Zbadany został tutaj podstawowy mechanizm i szlaki przekazywania sygnałów prowadzące do zwiększonej ekspresji MCL-1 w zainfekowanych makrofagach. Żywy S. aureus nie tylko stymulował syntezę Mcl-1 de novo, ale także przedłużał stabilność tego antyapoptotycznego białka. Zgodnie z tym udowodniliśmy kluczową rolę Mcl-1 w indukowanej przez S. aureus cytoprotekcji, ponieważ wyciszenie MCL1 przez siRNA głęboko odwróciło cytoprotekcję zainfekowanych komórek, prowadząc do apoptozy.

Zwiększona ekspresja MCL1 w zainfekowanych komórkach była związana ze wzmocnioną aktywacją NFκB i późniejszym wydzielaniem IL-6, ponieważ hamowanie szlaków sygnałowych zarówno NFκB, jak i IL-6 znosiło indukcję Mcl-1 i cytoprotekcję. Finalnie, nasza obserwacja została potwierdzona w badaniu in vivo na mysim modelu infekcyjnego zapalenia stawów, pokazując związek między intensywnością zapalenia stawów a ekspresją Mcl-1.

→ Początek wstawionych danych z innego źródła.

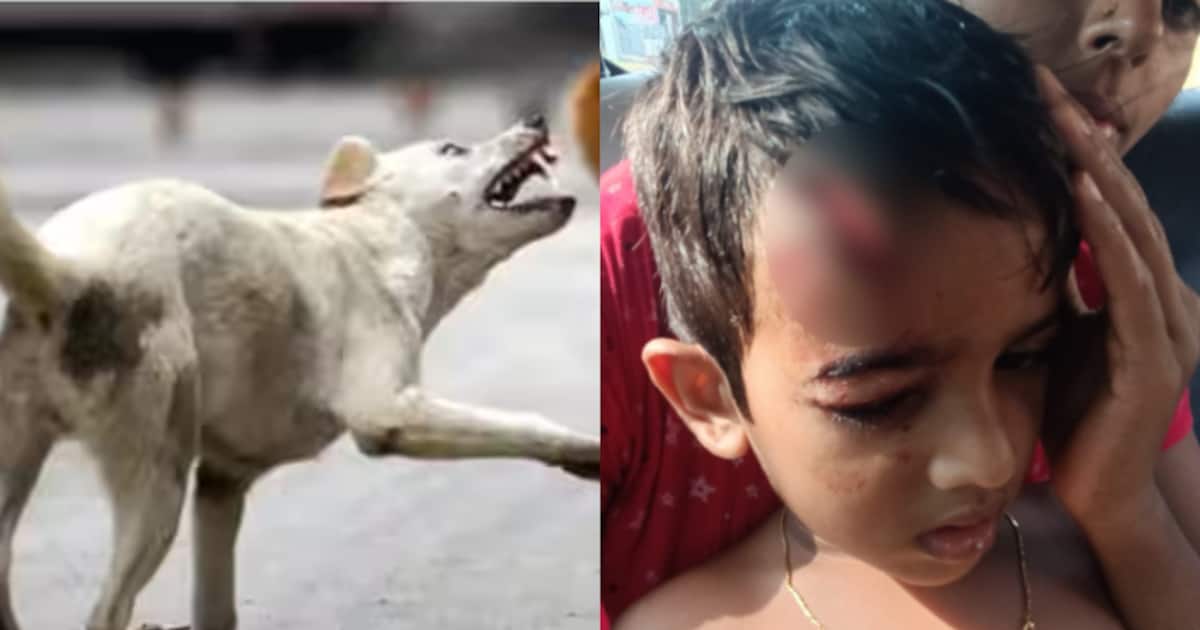 വീട്ടുമുറ്റത്ത് കളിച്ചുകൊണ്ടിരുന്ന അഞ്ചു വയസുകാരിക്ക് നേരെ തെരുവ് നായയുടെ ആക്രമണം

Dlatego proponujemy, że S. aureus przechwytuje zależne od Mcl-1 hamowanie apoptozy, aby zapobiec eliminacji zakażonych komórek żywiciela, umożliwiając w ten sposób wewnątrzkomórkową trwałość patogenu, jego rozprzestrzenianie się przez zakażone makrofagi i postęp chorób gronkowcowych.